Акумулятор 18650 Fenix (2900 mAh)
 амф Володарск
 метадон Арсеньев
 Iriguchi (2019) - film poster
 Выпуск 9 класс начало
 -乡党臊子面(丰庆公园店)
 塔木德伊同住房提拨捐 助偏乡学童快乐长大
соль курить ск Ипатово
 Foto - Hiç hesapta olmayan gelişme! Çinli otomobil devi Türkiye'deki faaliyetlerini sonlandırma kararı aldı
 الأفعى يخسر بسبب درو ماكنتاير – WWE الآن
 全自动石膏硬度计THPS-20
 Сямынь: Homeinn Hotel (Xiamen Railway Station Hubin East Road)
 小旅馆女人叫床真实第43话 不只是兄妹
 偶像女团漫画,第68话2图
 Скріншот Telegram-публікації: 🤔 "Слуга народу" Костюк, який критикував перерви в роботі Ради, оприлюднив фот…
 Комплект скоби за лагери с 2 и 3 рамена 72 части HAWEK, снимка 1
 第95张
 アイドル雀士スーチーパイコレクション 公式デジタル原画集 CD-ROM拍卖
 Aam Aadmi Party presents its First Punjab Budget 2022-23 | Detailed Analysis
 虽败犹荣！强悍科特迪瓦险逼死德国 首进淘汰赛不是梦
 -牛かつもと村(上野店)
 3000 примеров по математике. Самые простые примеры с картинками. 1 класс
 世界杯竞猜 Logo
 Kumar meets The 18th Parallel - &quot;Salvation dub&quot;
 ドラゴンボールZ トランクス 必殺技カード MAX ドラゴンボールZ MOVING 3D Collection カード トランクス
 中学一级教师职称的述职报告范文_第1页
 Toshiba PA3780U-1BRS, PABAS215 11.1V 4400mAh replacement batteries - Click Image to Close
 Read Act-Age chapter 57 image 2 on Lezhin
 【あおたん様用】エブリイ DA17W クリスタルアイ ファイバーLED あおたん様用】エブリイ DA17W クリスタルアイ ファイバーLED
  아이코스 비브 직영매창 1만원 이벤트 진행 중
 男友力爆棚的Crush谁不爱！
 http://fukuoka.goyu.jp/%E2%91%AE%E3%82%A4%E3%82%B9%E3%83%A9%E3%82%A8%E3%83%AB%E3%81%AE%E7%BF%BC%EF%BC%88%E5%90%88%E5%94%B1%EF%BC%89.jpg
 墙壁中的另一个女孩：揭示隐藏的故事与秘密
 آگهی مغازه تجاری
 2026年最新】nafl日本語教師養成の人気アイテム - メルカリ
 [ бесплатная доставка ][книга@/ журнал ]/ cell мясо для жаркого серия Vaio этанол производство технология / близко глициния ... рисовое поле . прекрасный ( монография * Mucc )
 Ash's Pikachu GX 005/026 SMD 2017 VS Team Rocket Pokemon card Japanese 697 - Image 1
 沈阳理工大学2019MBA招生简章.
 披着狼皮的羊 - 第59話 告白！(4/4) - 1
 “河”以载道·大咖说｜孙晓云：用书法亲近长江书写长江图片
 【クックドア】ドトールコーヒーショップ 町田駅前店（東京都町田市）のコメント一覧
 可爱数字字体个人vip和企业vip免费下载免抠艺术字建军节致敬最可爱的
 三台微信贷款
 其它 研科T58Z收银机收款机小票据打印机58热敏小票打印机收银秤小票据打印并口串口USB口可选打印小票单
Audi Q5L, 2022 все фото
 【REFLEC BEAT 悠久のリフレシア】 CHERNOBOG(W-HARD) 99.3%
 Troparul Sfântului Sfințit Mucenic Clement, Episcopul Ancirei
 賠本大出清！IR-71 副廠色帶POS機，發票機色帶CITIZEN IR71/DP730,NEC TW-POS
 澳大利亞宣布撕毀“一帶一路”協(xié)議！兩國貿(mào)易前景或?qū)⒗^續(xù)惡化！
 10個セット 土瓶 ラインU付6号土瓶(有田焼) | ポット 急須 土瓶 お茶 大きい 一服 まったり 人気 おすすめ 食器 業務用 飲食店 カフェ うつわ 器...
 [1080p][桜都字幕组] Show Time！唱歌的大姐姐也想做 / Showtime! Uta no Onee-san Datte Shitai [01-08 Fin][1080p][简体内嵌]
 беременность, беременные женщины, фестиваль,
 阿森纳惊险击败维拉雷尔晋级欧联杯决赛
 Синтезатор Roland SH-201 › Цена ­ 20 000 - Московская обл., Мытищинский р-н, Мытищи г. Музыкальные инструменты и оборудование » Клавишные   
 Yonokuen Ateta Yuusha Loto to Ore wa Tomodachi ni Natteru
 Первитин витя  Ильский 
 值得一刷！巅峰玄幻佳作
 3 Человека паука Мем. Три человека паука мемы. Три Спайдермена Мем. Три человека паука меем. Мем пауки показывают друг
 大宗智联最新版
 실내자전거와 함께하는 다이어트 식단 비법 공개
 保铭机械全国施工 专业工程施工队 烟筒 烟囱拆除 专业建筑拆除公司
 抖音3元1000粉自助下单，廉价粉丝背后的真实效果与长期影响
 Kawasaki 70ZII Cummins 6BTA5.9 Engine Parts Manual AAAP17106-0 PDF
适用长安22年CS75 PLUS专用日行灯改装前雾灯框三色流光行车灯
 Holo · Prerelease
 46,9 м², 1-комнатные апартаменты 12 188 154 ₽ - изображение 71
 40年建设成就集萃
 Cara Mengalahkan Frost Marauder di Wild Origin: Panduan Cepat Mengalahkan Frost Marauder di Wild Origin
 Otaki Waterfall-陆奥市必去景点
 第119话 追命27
--- --- ---
Your goal :: What lines in the data hold the word "класс"? Return them.

Exercise output ::
 Выпуск 9 класс начало
 3000 примеров по математике. Самые простые примеры с картинками. 1 класс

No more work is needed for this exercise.